Dataset excerpt |
Segment Open
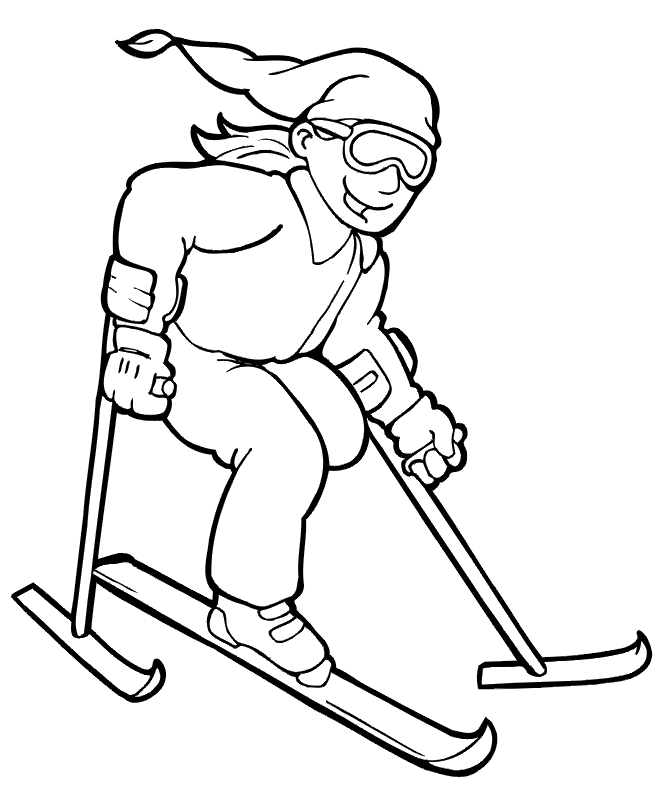 Skiing Coloring Page: Disabled Skier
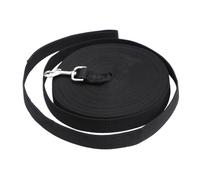 SUPVOX Long Nylon Pet Training Leash with Metal Clasp and D Ring Lead for Dogs Cats and Puppies Black Obedience Lead for Walking and Outdoor Use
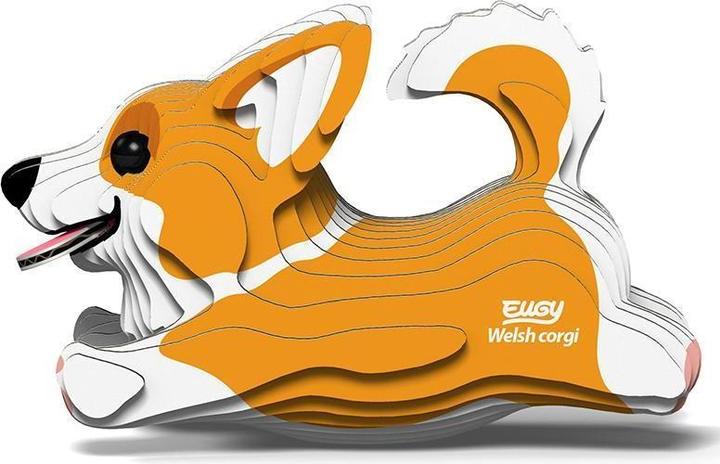 Actual product image Eugy 3D Craft Set Corgi (MQ6)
Segment Closed
When you copy the data, keep every line exact and drop the pictures.

Worked solution |
 Skiing Coloring Page: Disabled Skier
 SUPVOX Long Nylon Pet Training Leash with Metal Clasp and D Ring Lead for Dogs Cats and Puppies Black Obedience Lead for Walking and Outdoor Use
 Actual product image Eugy 3D Craft Set Corgi (MQ6)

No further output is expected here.